I would really like to see a "naked" door card if I can, so I will know what to expect.

Thanks.

Cheers!!


----------



## zimmersquirt (Aug 30, 2014)

No pix but its press formed fibreboard with foam inserts then vinyl over the top.

I like your idea but TBH I think its a non starter. you'd see all the standoff shoes for the trim buttons for starters


----------



## Cris (Sep 17, 2007)

I have been thinking the same thing myself. I can take some pics at some point in the future.

It may be possible to either replace the foam and cover or to just remove it completely.

What to do with the finish underneath? I'm thinking to get the panels flocked which might be the answer.


----------



## peckhs (Jul 20, 2013)

I am thinking to remove everything till the bare fibreboard... am hesitant at this point cos once I start it will be a point of no return, and I can't drive around without the door panels as it is my daily driver

And @zimmersquirt, what do you mean by the "standoff shoes for the trim buttons"? 
Apologies as I'm not a native English speaker...
Thanks


----------



## peckhs (Jul 20, 2013)

Cris said:


> I have been thinking the same thing myself. I can take some pics at some point in the future.
> 
> It may be possible to either replace the foam and cover or to just remove it completely.
> 
> What to do with the finish underneath? I'm thinking to get the panels flocked which might be the answer.


Haven't got anyone to do flocking in my country unfortunately...  
It is either wrapping or carbon dipping... both which cost many dollars here.


----------



## peckhs (Jul 20, 2013)

and so, I took my spare rear panels and proceeded to strip the vinyl.
The vinyl can actually be easily ripped off with brute force, but I realised if I did that, the vinyl will separate from the foam and make the removal of the foam more difficult after...

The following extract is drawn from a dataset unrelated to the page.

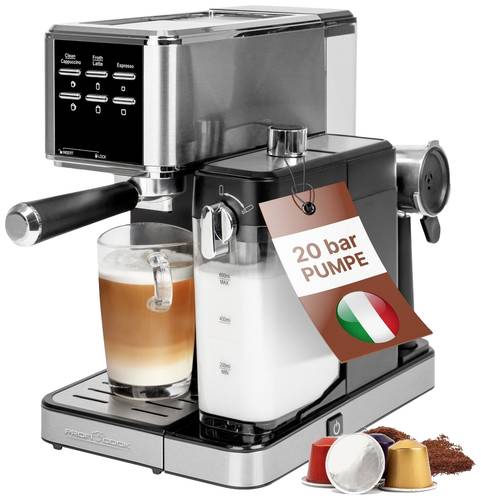 Profi Cook PC-ES-KA 1266 Espressomaschine Edelstahl mit automatischem Milchaufschäumer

this is where I ripped the vinyl off with force. the light colored part is the foam, the dark colored part the fibreboard



the silvery area in the below pic are the rivets that hold the brackets at the back of the board, and probably what zimmersquirt was referring to as "the standoff shoes for the trim buttons "



the panel "naked', shown next to the vinyl



the bare panel beside the original panel with vinyl



if you look at the bare fibreboard, there are residue of the foam. I tried using sandpaper to sand it off, it works but will probably take a long time. I reckon it will be a much faster process if I had an electric sander... sadly I don't...

alternatively, I think someone with a cork blaster, or something similar which uses non-abrasive materials for blasting will get very good results in a very short time...

after removing the residue foam and smoothening the fibreboard, I am going to spray a layer of either 1) epoxy primer 2) 3M undercoat or 3) plasticdip, to cover the exposed rivet ends and allow it to be carbon dipped...

will update when there is progress...


----------



## zimmersquirt (Aug 30, 2014)

This has inspired me to attack my crumbling C pillar trims.

You gonna try the doorcard next ?


----------



## Sub Boy (Jan 28, 2008)

I have stripped all the vinyl off my front door cards to make custom audio door panels, combined with fibre glass, MDF, filler and then hand laid vinyl to make these.


----------



## Cris (Sep 17, 2007)

Sub Boy said:


> I have stripped all the vinyl off my front door cards to make custom audio door panels, combined with fibre glass, MDF, filler and then hand laid vinyl to make these.


Did you take the foam off too? If so did you replace the foam (looks like it's there in the pics)?


----------



## Sub Boy (Jan 28, 2008)

No, i didn't bother putting any foam back on after taking the old vinyl and foam off, i just made sure the surface was perfect.


----------



## Cris (Sep 17, 2007)

Sub Boy said:


> No, i didn't bother putting any foam back on after taking the old vinyl and foam off, i just made sure the surface was perfect.


Interesting.

I'm thinking about pulling the vinyl and foam off and then getting my dash etc flocked. Should cure the R32 dash bubble problem permanently then...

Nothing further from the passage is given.